Wie kann man nach so wenigen Jahren nur schon so alt aussehen?
(gemeint ist der Motor ...!)

Signore Giuseppe wächst uns ans Herz. Er ist hilfsbereit und zuverlässig - und er leidet mit uns. Am 1. August, dem erwarteten Ankunftstermin des Ersatzteils, steht er persönlich morgens auf der Pier. Mit betrübter Mine teilt er uns mit, dass sich - "mi dispiace molto moltissimo" - die Lieferung um einen Tag verzögern wird. Er ist so untröstlich, dass er uns anbietet, mit seinem Auto für uns zu besorgen, was immer wir aus dem Supermercato brauchen. Wir wissen gar nicht, wie wir ihm danken sollen. Der Mann weiss, wo Segler der Schuh drückt! Natürlich nehmen wir die großzügige Offerte dankbar an, und so stapelt sich am Nachmittag der schwere Getränkenachschub palettenweise im Vorschiff.

Am nächsten Mittag dann aber die gute Nachricht: das Teil ist da! Sofort bricht an Bord hektische Betriebsamkeit aus. Winschmotor einbauen, Schiff aufklaren, Wasser bunkern und ablegen sind in dreißig Minuten erledigt! Wir sind wieder auf See! Giardini Naxos, das kleine Seebad am Fuße Taorminas, ist unser Ziel. Im Schutz der massiven Kaimauer fällt abends der Anker auf gut haltendem Sandgrund. Was für ein Gefühl, frei vor Anker, nach sechs Tagen Großstadtmief!

Taormina entpuppt sich wie erwartet als das "Rothenburg Siziliens". Touristenströme pilgern durch die hübschen Gassen des Ortes und ergießen sich über die Ränge des antiken griechischen Theaters.

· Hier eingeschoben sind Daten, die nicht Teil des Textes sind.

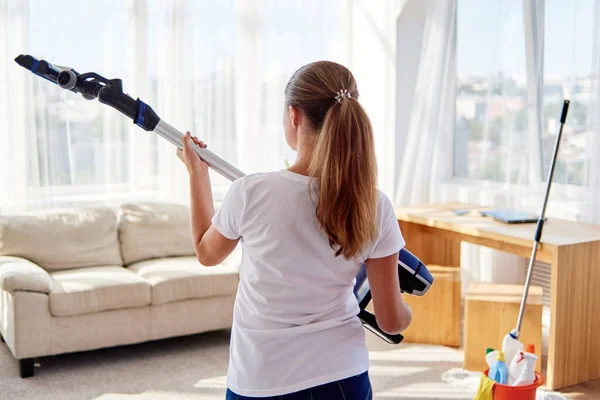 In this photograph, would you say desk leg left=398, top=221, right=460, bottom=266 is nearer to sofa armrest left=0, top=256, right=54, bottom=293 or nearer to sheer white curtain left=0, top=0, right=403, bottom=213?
sheer white curtain left=0, top=0, right=403, bottom=213

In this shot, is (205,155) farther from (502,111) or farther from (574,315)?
(502,111)

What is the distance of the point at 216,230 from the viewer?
1.38 meters

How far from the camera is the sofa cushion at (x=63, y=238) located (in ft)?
12.7

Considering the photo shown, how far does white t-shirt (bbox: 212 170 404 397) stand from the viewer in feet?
4.28

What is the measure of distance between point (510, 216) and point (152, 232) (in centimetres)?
197

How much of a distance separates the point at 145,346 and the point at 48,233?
2.61 ft

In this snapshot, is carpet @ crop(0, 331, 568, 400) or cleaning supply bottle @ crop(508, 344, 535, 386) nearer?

Den atemberaubenden Blick vom Theater über den Ort Taormina, die Bucht und das Meer muß man allerdings wirklich einmal erlebt haben! Auch dem idyllischen, über Taormina thronenden Bergnest Calstelmola statten wir noch einen Besuch ab. In einem Café, das wie ein Adlerhorst am Berg klebt, erfrischen uns bei unserer heiß geliebten, eiskalten Granita und lesen mal wieder eine deutsche Zeitung: Politiker-Rücktritte, Unternehmenszusammenbrüche, Kriegsgeschrei... Es tut gut, selten Zeitung zu lesen!




Taormina

Mit der obligatorischen Gewitterwarnung im Gepäck machen wir uns am 4. August auf den Weg nordwärts, nach Messina. Der ebenfalls vorhergesagte Südwind entpuppt sich als gegenan stehender Nordwind, naja, ist ja nichts Neues. Mittags erreichen wir Messina, die Wetterbedingungen sind mittlerweile annehmbar, und so setzen wir Kurs auf die berüchtigte Meerenge. Mit atemberaubenden 10 Knoten in der Spitze schießen wir schließlich durch den Schlund, hinweg über Wasserwirbel und Strudel, durch kochendes Kabbelwasser, Strömungen und Gegenströmungen. Mächtig beeindruckend! Wir sehen einige Schwertfischfänger mit ihren 20 Meter hohen Turmaufbauten, können uns denen aber nicht recht widmen, so schnell sind wir unterwegs! Ein, zwei Mal weichen wir Fährschiffen aus, die Sizilien mit dem Festland nahezu im Minutentakt verbinden und aus allen Richtungen auf uns zuzustürzen scheinen. Dann sind wir durch.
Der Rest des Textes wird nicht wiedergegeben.